鉄条網を作るための有刺鉄線のロールをミレニアムが用意していたのだが、どうもこれもエンジニア部のプロダクツらしい。というのもほつれて絡まりやすいポリエステルの端材やショートを狙えるアルミテープなどが巻き付いていて、ロボットの行動阻止に特化したものらしい。
それを乗り越えんと動き出したロボットの頭が掻き消える。ユズの操作するロジコマがガトリング砲を単発操作で発砲したのだ。それが続く。単発での発砲でも十分破壊できることはこれまでSA班が散々対応してきたのでわかっていたが、ここまで有効だとは。
ユズが対象のスキャン映像を元に脅威度が高いものから順番にナンバリングを振っていき、それに合わせてロジコマがオートでそこを一番狙いやすい個体のガトリング砲を起動する。ユズがナンバリングを行った1秒後にはロボットが吹き飛んでいる寸法だ。
「ユズ、大丈夫そうかい?」
《はい……! リズムゲームみたいで何とかなりそうです……!》
そうか、こういうところでもゲームか、と思うとどこか感慨深いがそうのんきに周囲を見続けるわけにもいかない。無線を切りかえる。情報の取り違えを防ぐためにも英語で呼びかける。
「ラビットフライト、トークオンの用意でき次第知らせ」
《用意よし》
独特な甘い声。
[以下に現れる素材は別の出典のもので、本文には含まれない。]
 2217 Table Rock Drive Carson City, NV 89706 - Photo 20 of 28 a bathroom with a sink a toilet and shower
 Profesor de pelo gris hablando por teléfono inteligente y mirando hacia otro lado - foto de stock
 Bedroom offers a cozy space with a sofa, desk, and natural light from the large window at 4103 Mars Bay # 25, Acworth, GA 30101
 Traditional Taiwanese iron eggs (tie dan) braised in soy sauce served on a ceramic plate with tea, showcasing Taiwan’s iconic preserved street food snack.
ヘリパイロットとの通信はクリアだ。
「ライン4および6で指定した座標にカメラを向けろ。何が見えるか教えてくれ」
ヘリパイロットに口頭での情報連携を要求する。トークオンという手法は面倒だが、手抜きをして生徒にヒットなんてことは避けたい。鉄条網の150m後方にはロジコマを盾にしているとはいえ、子どもたちがいるのだ。
《変電所のような設備と巨大な工場。工場の中央には壊れた円形のドームがある》
「工場の南側には何があるか」
受け答えの間にも通知が立て続けに入る。ハレとユウカに預けた最終防衛ラインのドローン部隊が行動を開始して配置につき始める。コタマには現地での工場のノイズのフィルタリングを頼んでいるが、今のところ前に突入した時のような干渉用のノイズは認められない。
《広場のような空間、空間の南端に阻止陣地》
ジブリールが2本目の鉄条網のラインを超えた。射角の関係で行動が制限されていたノノミに射撃指示。SAを追いかけて殺到していたロボット集団を1本目の鉄条網まで押し返す。
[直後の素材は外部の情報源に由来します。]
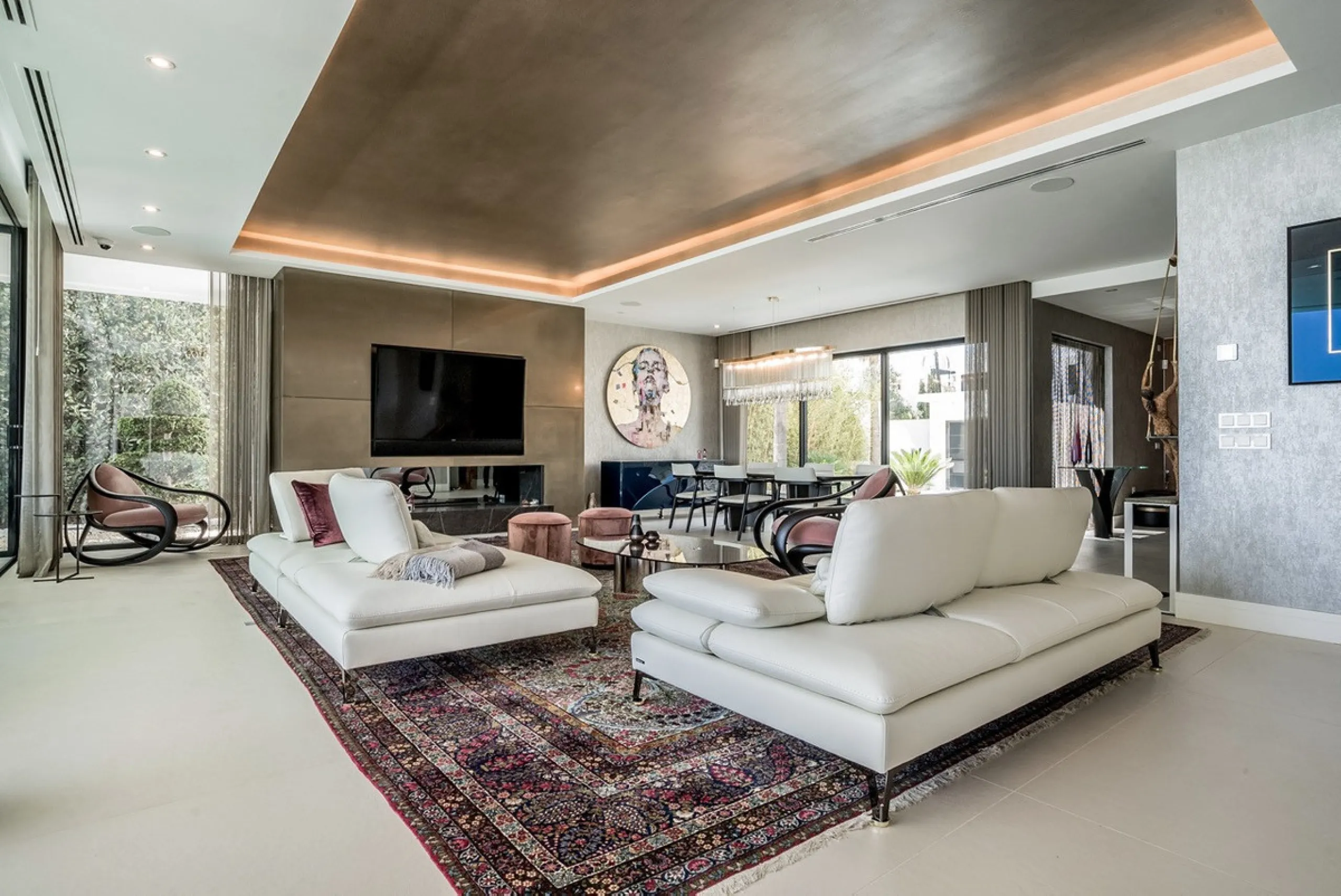 This exceptional villa is nestled within an exclusive gated community in Marbella's prestigious Golden Mile. Set on a generous south-facing plot, the property is bathed in natural sunlight and enjoys breathtaking panoramic sea views from both floors, crea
「その広場の中央部に鉄条網がある。見えたらコンタクトとコール」
《コンタクト》
よしよし。このヘリパイはちゃんと訓練をされている。防衛室から連携をもらった情報だと1年生でまだ習熟期間中ということだったが、十分使えるレベルだ。SRT特殊学園はエリートという情報は本当らしい。まぁ、その一部部隊が離反しているっぽいけど、今は関係ない情報だ。今は戦力がほしい。
「鉄条網は何本見えるか」
《2本。それぞれ中央に間欠部がある。二足歩行のロボットを目視》
ヘリパイロットは正確に情報をつかんでいるようだ。ウタハから情報連携。発電衛星からの送電ライン開通。アリスのスーパーノヴァに充電開始。チャージ完了まで、あと82秒。
つまり90秒は、侵攻を食い止めなければならない。
「ラビットフライト、そのロボットの集団が攻撃目標だ」
《
さぁ、正念場だ。
「ラビットフライト、
アロナにとって、先生とは、アラタ・リョータとは世界だ。
それはシッテムの箱のユーザーであるということももちろんあるし、それ以上にこのA.R.O.N.Aのスペックを最大限に使って状況を切り開いてくれるということもある。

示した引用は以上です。